INFORMATION GIVEN>
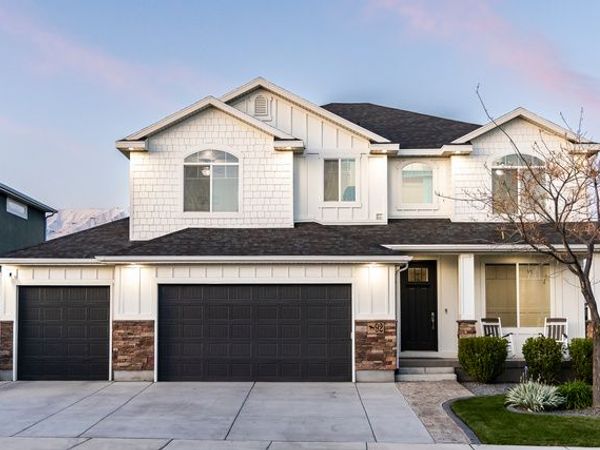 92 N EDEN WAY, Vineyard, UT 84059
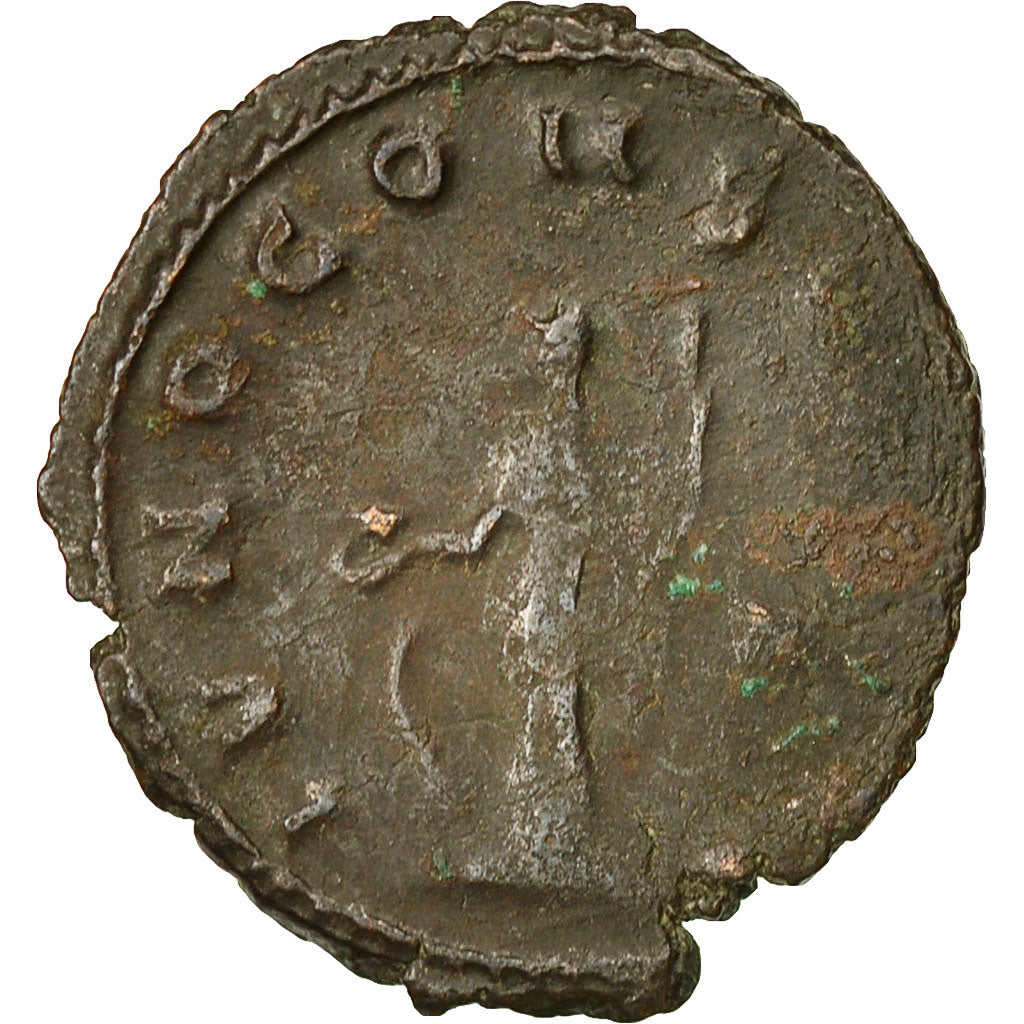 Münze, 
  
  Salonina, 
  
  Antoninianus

==

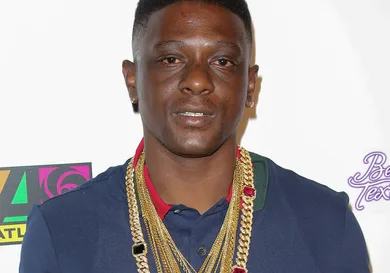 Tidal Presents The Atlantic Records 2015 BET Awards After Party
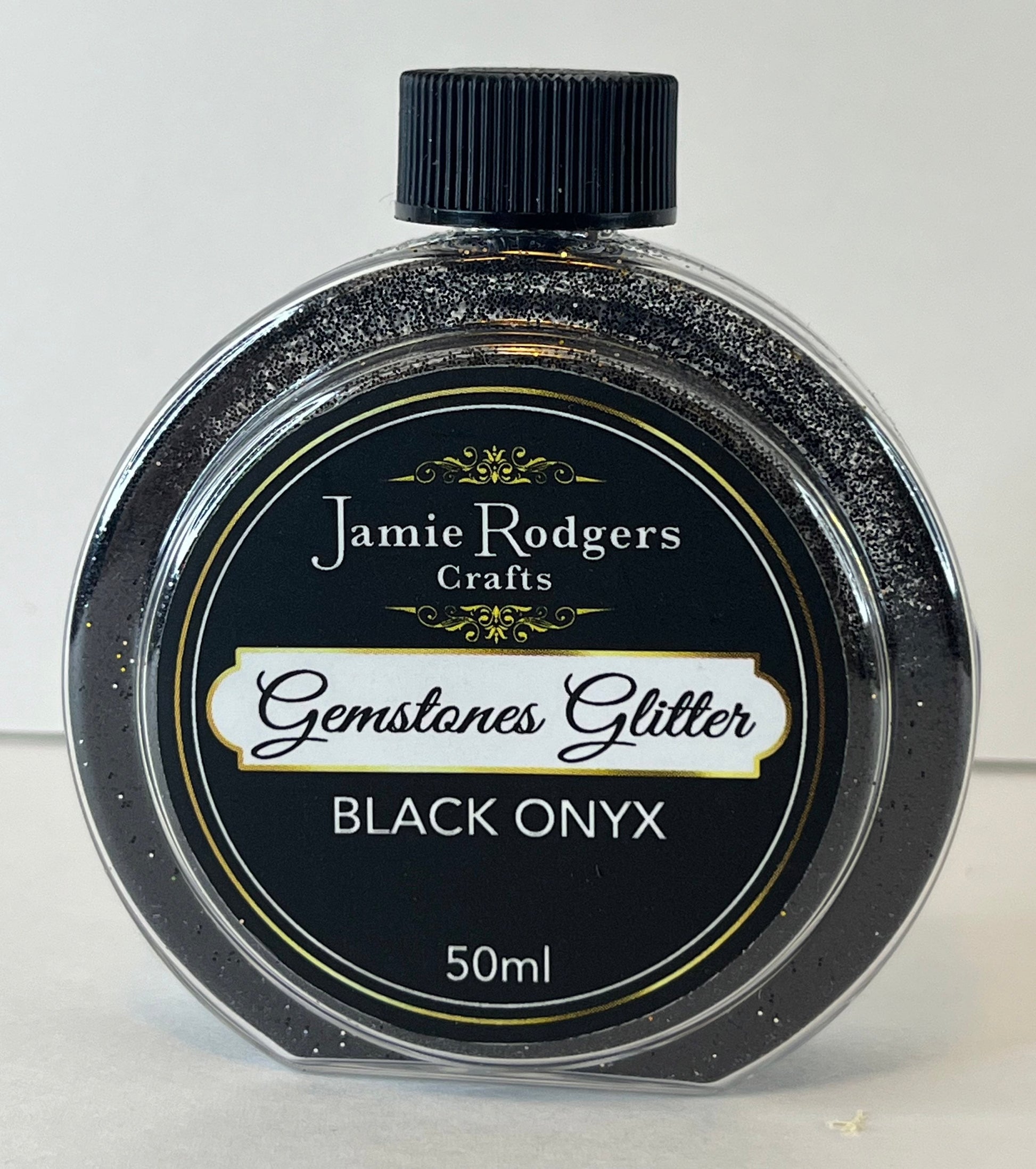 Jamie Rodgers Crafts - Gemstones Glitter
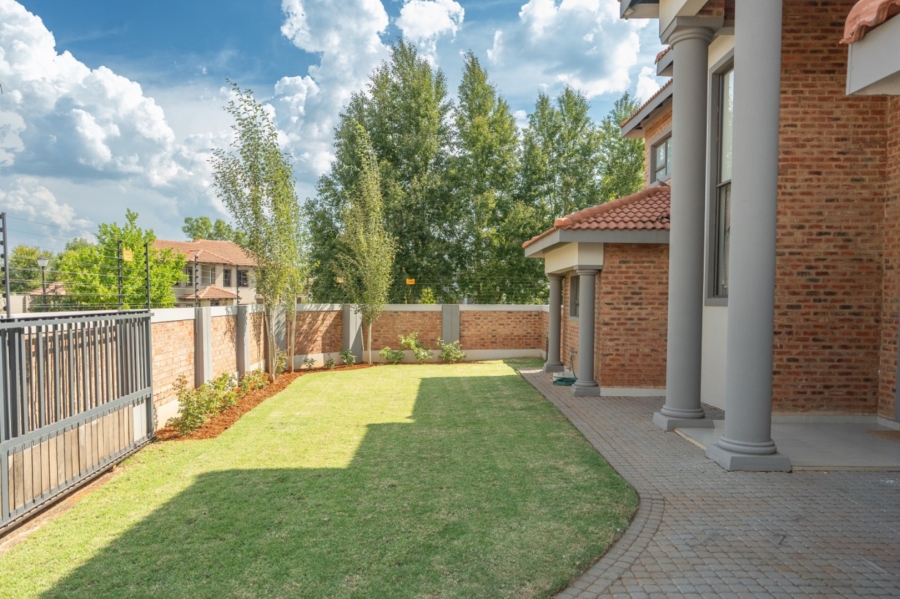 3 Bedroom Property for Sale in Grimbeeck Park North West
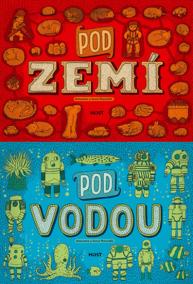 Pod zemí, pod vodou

REQUIRED WORK> Look above and copy only the lines from the one holding "Tidal Presents The" to the one holding "Pod zemí, pod vodou", both included, exactly, minus the pictures.

EXPECTED ANSWER>
 Tidal Presents The Atlantic Records 2015 BET Awards After Party
 Jamie Rodgers Crafts - Gemstones Glitter
 3 Bedroom Property for Sale in Grimbeeck Park North West
 Pod zemí, pod vodou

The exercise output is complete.